EXHIBIT 10.10(a)

                                                                  EXECUTION COPY

                 SECOND AMENDMENT TO GENERAL SECURITY AGREEMENT

      This SECOND AMENDMENT TO GENERAL SECURITY AGREEMENT (this "AMENDMENT")
dated as of October 14, 2004, is by and among AMERIGAS PROPANE, L.P., a Delaware
limited partnership (the "COMPANY"), WACHOVIA BANK, NATIONAL ASSOCIATION, as
collateral agent (in such capacity, the "COLLATERAL AGENT") and MELLON BANK,
N.A., as cash collateral sub-agent (in such capacity, the "CASH COLLATERAL
SUB-AGENT").

                                   WITNESSETH:

      WHEREAS, the Company, Bank of America, N.A. (formerly Bank of America
National Trust and Savings Association) ("BofA") and the Cash Collateral
Sub-Agent are parties to that certain General Security Agreement, dated as of
April 19, 1995, as amended by that certain First Amendment to General Security
Agreement, dated as of July 31, 2001 (as amended, the "SECURITY AGREEMENT");

      WHEREAS, on August 28, 2003 and pursuant to Section 12 of that certain
Intercreditor and Agency Agreement dated as of April 19, 1995 among the Company,
AmeriGas Propane, Inc., Petrolane Incorporated, BofA and the other parties
thereto (as amended, supplement, assigned or otherwise modified from time to
time pursuant to the terms thereof, the "INTERCREDITOR AGREEMENT"), BofA
resigned as collateral agent and the Collateral Agent was appointed as successor
collateral agent to BofA; and

      WHEREAS, the Company has requested that the Collateral Agent agree to
certain modifications to the terms of the Security Agreement, and the Collateral
Agent has agreed to make such modifications on the terms and conditions set
forth in this Amendment.

      NOW THEREFORE, in consideration of the foregoing and other good and
valuable consideration, the receipt and sufficiency of which is acknowledged,
the parties hereto hereby agree as follows:

      SECTION 1. Definitions; Incorporation of Recitals. Except as otherwise
defined in this Amendment, capitalized terms used herein and not otherwise
defined herein have the meanings ascribed thereto in the Security Agreement.
Each of the above recitals is incorporated herein and made a part hereof.

      SECTION 2. Amendment to Section 2.10(a) of the Security Agreement. Subject
to the satisfaction of the conditions precedent specified in Section 4 below,
but effective as of the date hereof, the Security Agreement shall be amended as
follows by deleting Section 2.10(a) of the Security Agreement and replacing it
with the following:



      "2.10. Cash Management System; Deposits to the Cash Concentration Account.
      (a) The Company has established a cash management system whereby the
      Company and each Restricted Subsidiary have established various local
      depository accounts and various local disbursement accounts (each, a
      "LOCAL ACCOUNT"; collectively, the "LOCAL ACCOUNTS") into which cash,
      checks, drafts, securities, certificates and instruments (the "COLLECTED
      FUNDS") received by the Company and its Restricted Subsidiaries (and not
      otherwise deposited directly into the Cash Concentration Account) shall be
      deposited on each Business Day that such Collected Funds exceed $5,000 or
      no later than the last Business Day of each calendar week, if no such
      deposits have been made in such calendar week. The Collected Funds held in
      any Local Account shall be transferred through the automated
      clearing-house system to the Cash Concentration Account on each Business
      Day that such Collected Funds in such Local Account exceed $5,000 or no
      later than the last Business Day of each calendar week, if no such
      transfers have been made in such calendar week."

      SECTION 3. Company's Representations and Warranties.
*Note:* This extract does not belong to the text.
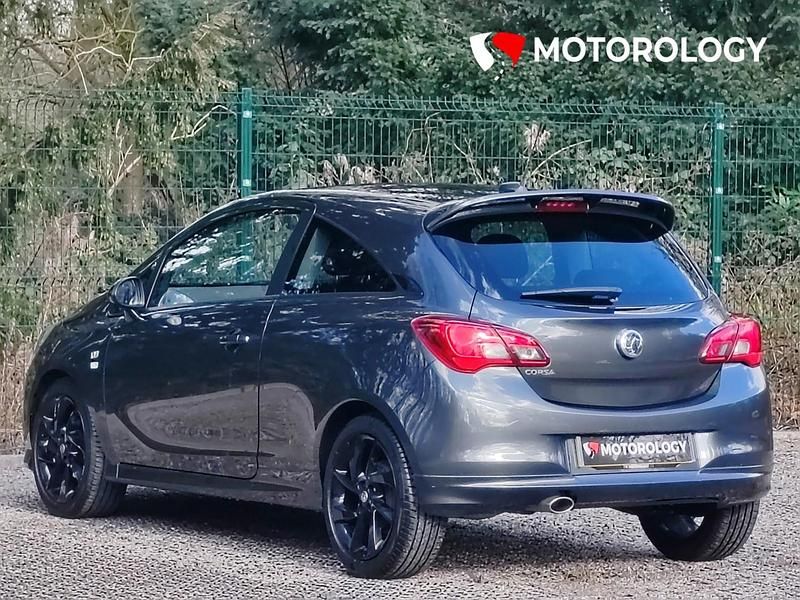 Used Vauxhall Corsa Edition 75 HP (55 kW) 2018 Grey Hatchback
The Company
represents and warrants to the Collateral Agent that after giving effect to the
amendments provided for herein: (a) the representations and warranties set forth
in Article II of the Security Agreement are true and correct in all material
respects on the date hereof as if made on and as of the date hereof (except to
the extent such representations and warranties expressly are limited to an
earlier date, in which case such representations and warranties are true and
correct on and as of such earlier date) and as if each reference in said Article
II to "this Agreement" includes reference to the Security Agreement as amended
by this Amendment; (b) no General Default or General Event of Default has
occurred and is continuing on the date hereof and (c) there are no set-offs or
defenses against the Security Agreement as amended by this Amendment or any
other Loan Document (as such term is defined in that certain Credit Agreement,
dated as of August 28, 2003, by among the Company, as Borrower, General Partner,
as guarantor, Petrolane, as guarantor, Wachovia Bank, National Association, as
administrative agent and the banks a party thereto (as amended, restated,
supplemented or otherwise modified from time to time in accordance with its
terms, the "CREDIT AGREEMENT")), Note Agreement or Parity Debt Agreement.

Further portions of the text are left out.